§ Problem to solve
Please return each entry that follows exactly as given, but without pictures.

= = = = =

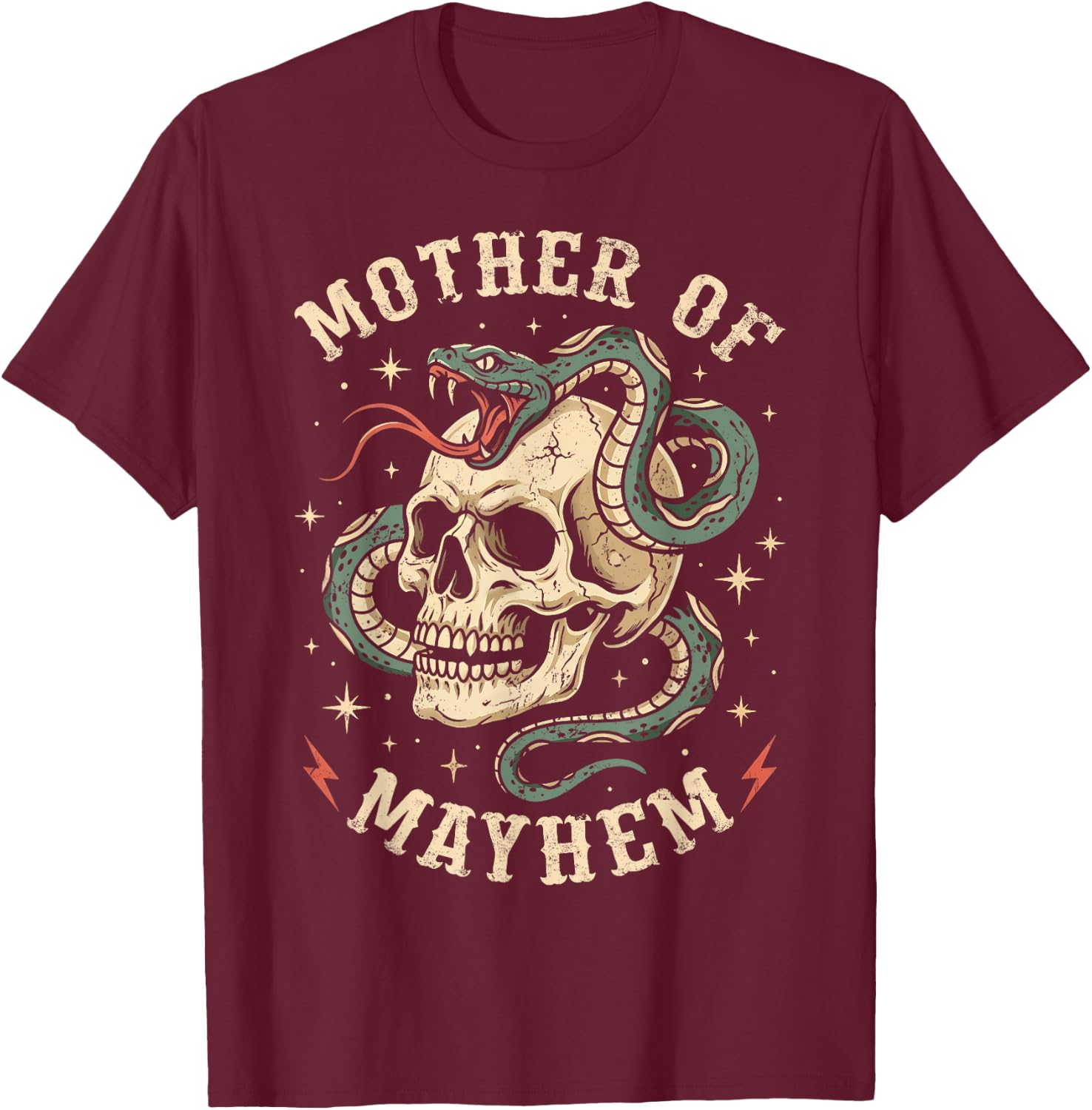 Mother of Mayhem Women Mom Funny Mothers Day Matching Family T-Shirt - T-Shirt | Maroon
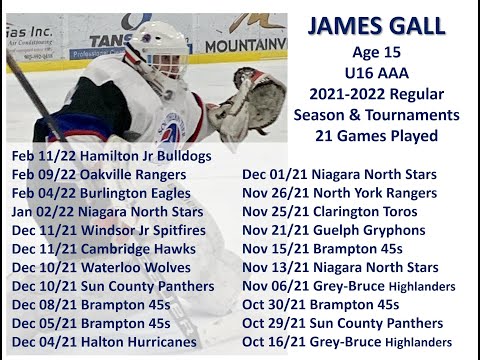 2021/22 Age 15 Regular Season U16 AAA James Gall 2006 Elite Goalie - Oct 2021 to Feb 2022 Highlights
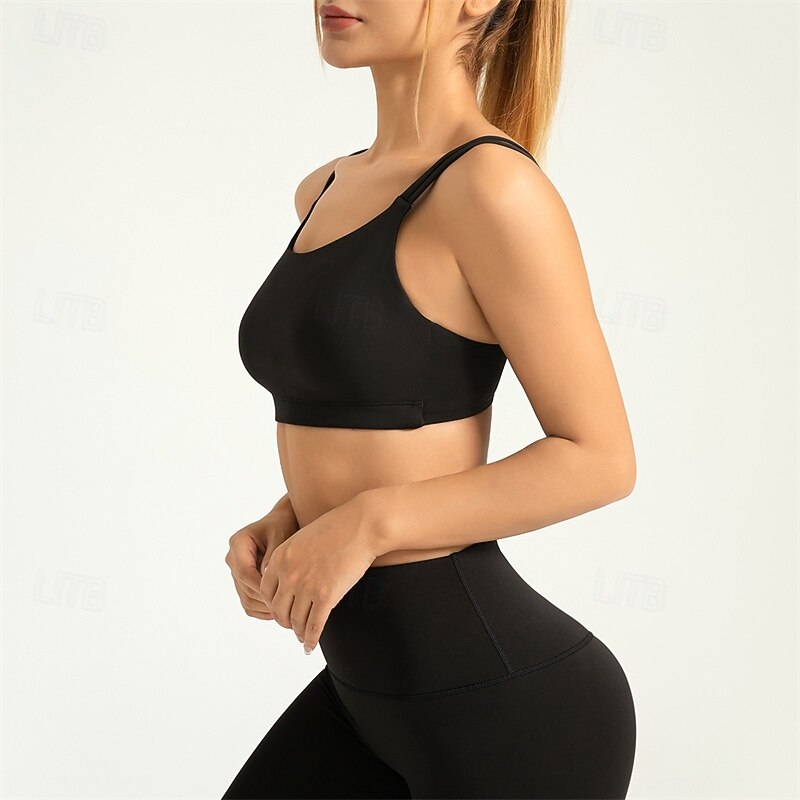 Women's Light Support Sports Bra Running Bra Patchwork Open Back Bra Top Padded Fitness Leisure Sports Running Breathable Lightweight Soft Spandex Black Light Green Purple Solid Colored4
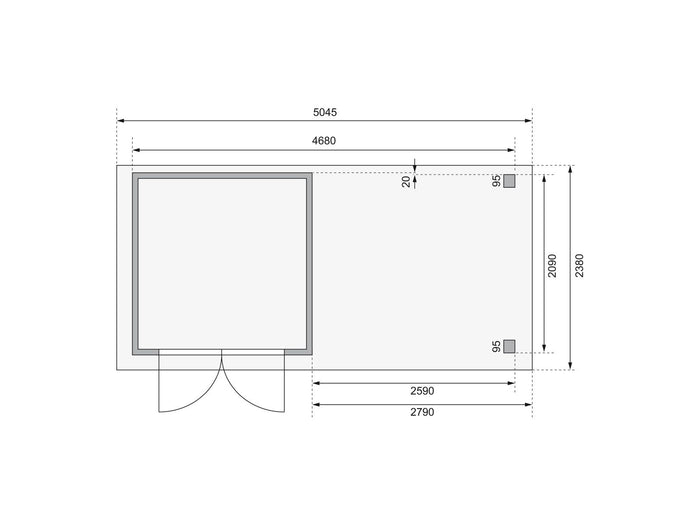 Karibu Gartenhaus Askola 2 mit Anbaudach 2,75 Meter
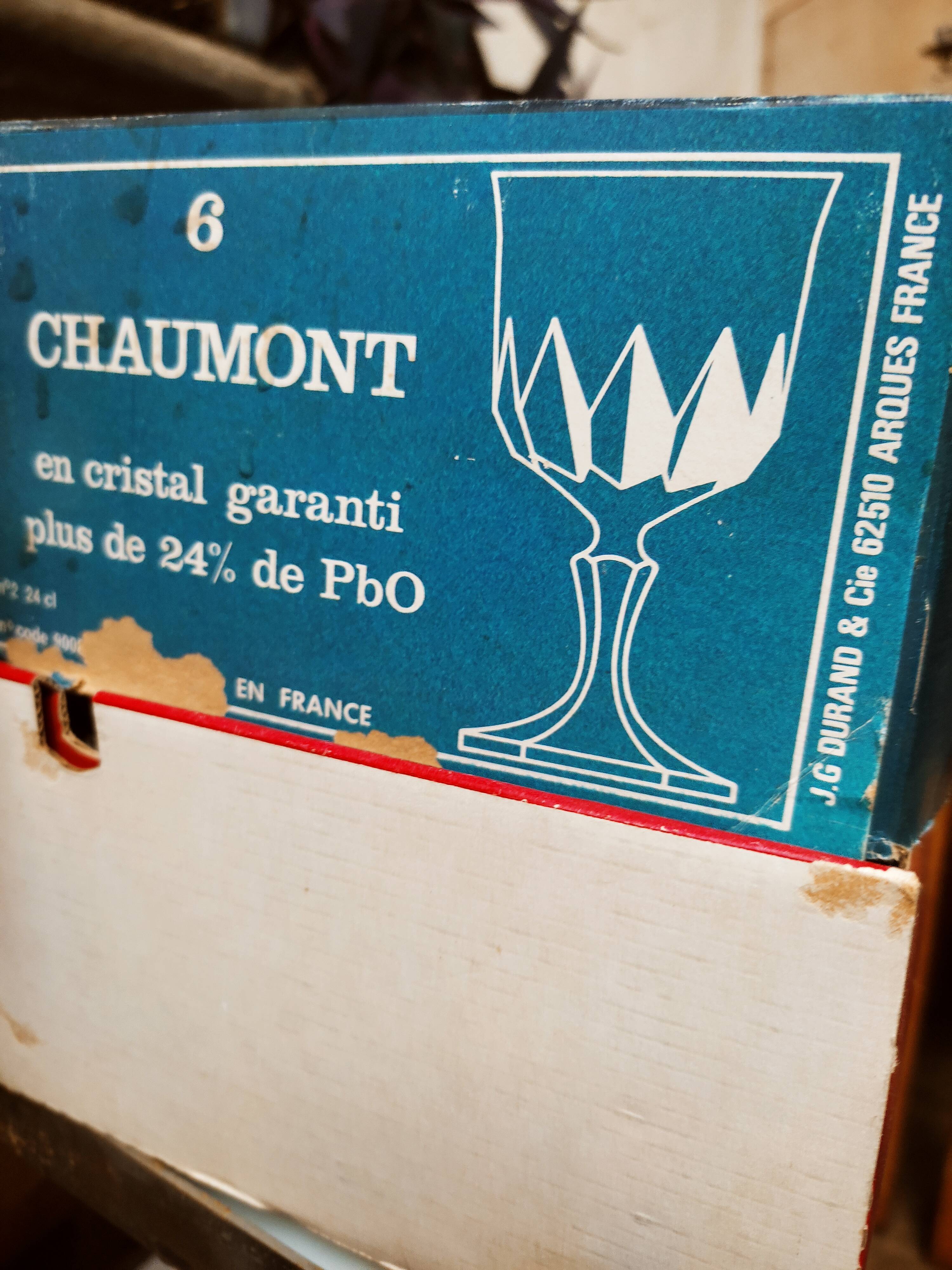 12 crystal water glasses Chaumont model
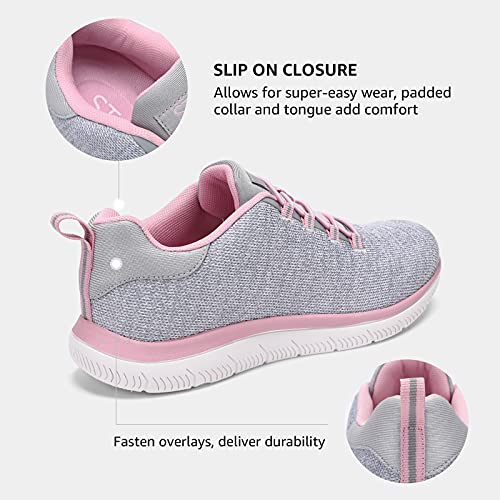 HKR Zapatillas de Mujer Zapatos Malla Transpirable y Slip on Sneaker Ligero Tenis Caminar Fitness Atlético Sneakers Gris Rosa 38 EU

= = = = =

§ Answer to this problem
 Mother of Mayhem Women Mom Funny Mothers Day Matching Family T-Shirt - T-Shirt | Maroon
 2021/22 Age 15 Regular Season U16 AAA James Gall 2006 Elite Goalie - Oct 2021 to Feb 2022 Highlights
 Women's Light Support Sports Bra Running Bra Patchwork Open Back Bra Top Padded Fitness Leisure Sports Running Breathable Lightweight Soft Spandex Black Light Green Purple Solid Colored4
 Karibu Gartenhaus Askola 2 mit Anbaudach 2,75 Meter
 12 crystal water glasses Chaumont model
 HKR Zapatillas de Mujer Zapatos Malla Transpirable y Slip on Sneaker Ligero Tenis Caminar Fitness Atlético Sneakers Gris Rosa 38 EU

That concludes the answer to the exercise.